Conditions inside the bathroom were unimaginable: They were hungry, sometimes going days without food; it was hard to sleep, with just two mattresses, including one in the shower; they had to stay quiet, only able to flush the toilet when someone else in the house did.
And cramped? She held a younger girl on her lap part of the time, though now she jokes about how they all lost a lot of weight, so that helped with the tight quarters.
But her voice grows quiet when asked about the sounds of the massacre outside the house, worrying what was happening to those she loved. Add that to the fear of being discovered during the raids — they wondered, "Will they miss me again?" — as well as the threat of death to the pastor and his family if the women were found.
She describes that fear as "a thousand needles going through you. Nobody's touching you, but there's pain every second. ... That's the ultimate pain you can feel."
Such pain drowns out other discomforts, she said, overwhelming the senses and helping the human mind block out hunger pangs, body aches, minutiae. Ilibagiza doesn't remember ever noticing the smells of the other women, going through menses or sweating without a shower.
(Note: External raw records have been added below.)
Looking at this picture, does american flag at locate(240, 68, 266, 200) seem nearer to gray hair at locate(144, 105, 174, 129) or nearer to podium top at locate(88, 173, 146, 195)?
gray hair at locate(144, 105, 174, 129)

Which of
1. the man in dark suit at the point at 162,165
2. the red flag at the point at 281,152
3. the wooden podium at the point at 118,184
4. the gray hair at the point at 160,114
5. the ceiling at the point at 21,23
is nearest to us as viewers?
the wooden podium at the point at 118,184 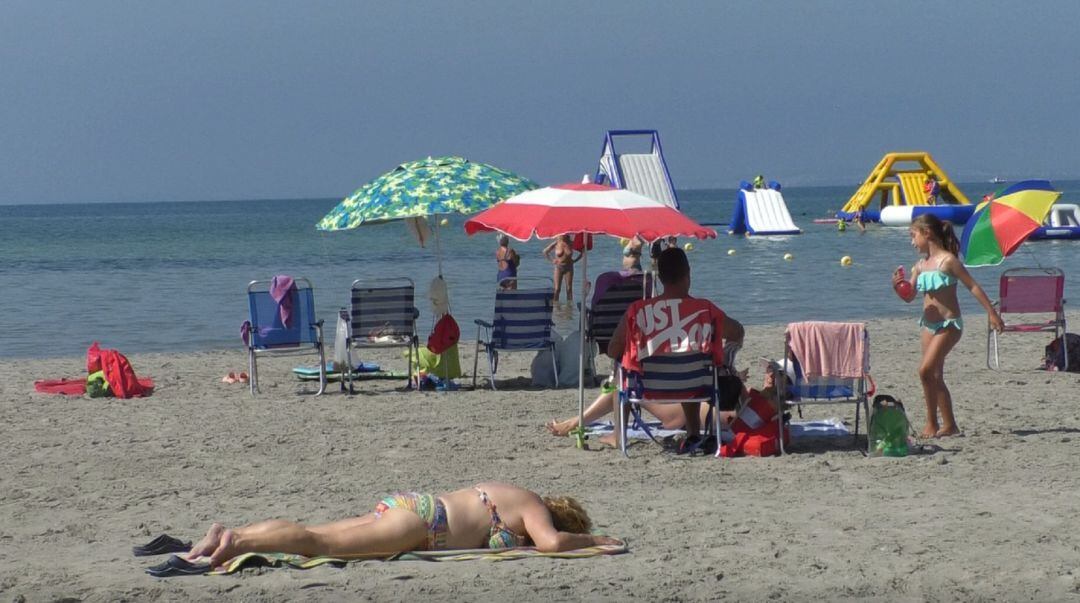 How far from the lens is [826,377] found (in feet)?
21.7

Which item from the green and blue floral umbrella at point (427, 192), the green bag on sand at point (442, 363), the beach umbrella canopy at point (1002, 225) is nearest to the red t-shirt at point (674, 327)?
the beach umbrella canopy at point (1002, 225)

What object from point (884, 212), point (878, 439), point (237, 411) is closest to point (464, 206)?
point (237, 411)

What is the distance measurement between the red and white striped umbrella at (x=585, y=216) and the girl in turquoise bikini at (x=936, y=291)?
3.79 feet

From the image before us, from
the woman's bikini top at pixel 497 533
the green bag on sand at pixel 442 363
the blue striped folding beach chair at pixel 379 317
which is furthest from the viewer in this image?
the green bag on sand at pixel 442 363

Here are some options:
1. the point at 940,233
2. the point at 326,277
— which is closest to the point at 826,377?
the point at 940,233

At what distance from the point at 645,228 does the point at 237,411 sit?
333 centimetres

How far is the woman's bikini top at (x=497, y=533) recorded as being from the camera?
4.68 meters

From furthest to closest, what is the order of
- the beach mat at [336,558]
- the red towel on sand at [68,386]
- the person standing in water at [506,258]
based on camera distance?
1. the person standing in water at [506,258]
2. the red towel on sand at [68,386]
3. the beach mat at [336,558]

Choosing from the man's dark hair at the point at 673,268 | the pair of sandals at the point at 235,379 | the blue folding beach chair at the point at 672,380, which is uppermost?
the man's dark hair at the point at 673,268

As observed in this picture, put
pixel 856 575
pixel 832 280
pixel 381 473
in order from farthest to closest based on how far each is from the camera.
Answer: pixel 832 280 → pixel 381 473 → pixel 856 575

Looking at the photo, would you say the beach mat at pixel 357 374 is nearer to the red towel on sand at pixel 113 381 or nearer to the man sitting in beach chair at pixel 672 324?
the red towel on sand at pixel 113 381

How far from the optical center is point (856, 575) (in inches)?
180

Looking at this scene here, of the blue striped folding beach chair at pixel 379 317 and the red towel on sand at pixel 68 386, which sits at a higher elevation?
the blue striped folding beach chair at pixel 379 317

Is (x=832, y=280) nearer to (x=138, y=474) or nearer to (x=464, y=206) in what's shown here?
(x=464, y=206) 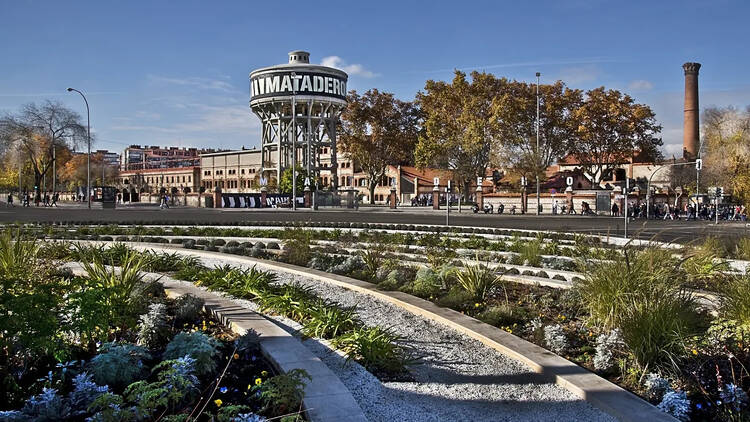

"There must've been smells, but we never paid attention to that," she said.
Such pain is enough to make someone hard and pinched. Yet Ilibagiza is neither. She chose to forgive those who perpetrated such evil against her and the people she loved.
In one part of the documentary, Ilibagiza returns to Rwanda and meets a young Hutu soldier who was among those in the death squads. Onscreen, he is hesitant but drawn to the cameras. She beckons him near so he could be in the same frame in the camera, in a voice a kindergarten teacher might use on the first day of school, soothing and gentle. It's a powerful moment that exemplified the forgiveness she embodies toward all who injured her family.
It makes sense that she's held up as the poster woman for forgiveness. (See box, front page.)
"People who hate have so much pain," she said. "... As a Catholic, you think about Christ at Calvary, the pain you have to suffer."
The path to forgiveness started with a wish, she said. She prayed to God for help and looked to Christ's example on the cross for coping with the physical and emotional horrors: "He said to forgive them, Father, they know not what they do," said Ilibagiza. "I thought, 'Yes. They did not know what they do.' "
And since she chose to forgive, her life only got better. She left Rwanda to work at the United Nations, married, had children, wrote a book. She's been honored, a documentary was made from her book, and she's been featured on "60 Minutes."
"Many good things have happened to me since the book came out," she said, marveling at the change in tide. "Hillary Clinton told me she read my book. I've met the president, many other people. I met Brad Pitt. I had an award presented by Matt Damon."
Yes, she'll admit, one can get a bit starstruck, especially over the last two: "They are all cute, cute, cute in person. And so kind! Look where I am coming from, and oh my!"
But what really makes her content to her toes is to know that people are hearing her message of forgiveness and transforming their own lives. Fans tell her how they are following her example to remove their own heavy burdens by choosing to forgive.
And she's grateful, too: Some tell her how they pray for her beloved brothers.
"It almost brought back my family," Ilibagiza said.
Correction: Immaculée Ilibagiza will be speaking briefly after the 10 a.m. Mass Sunday at St. Augustine Church. A previous version of the story had an incorrect day.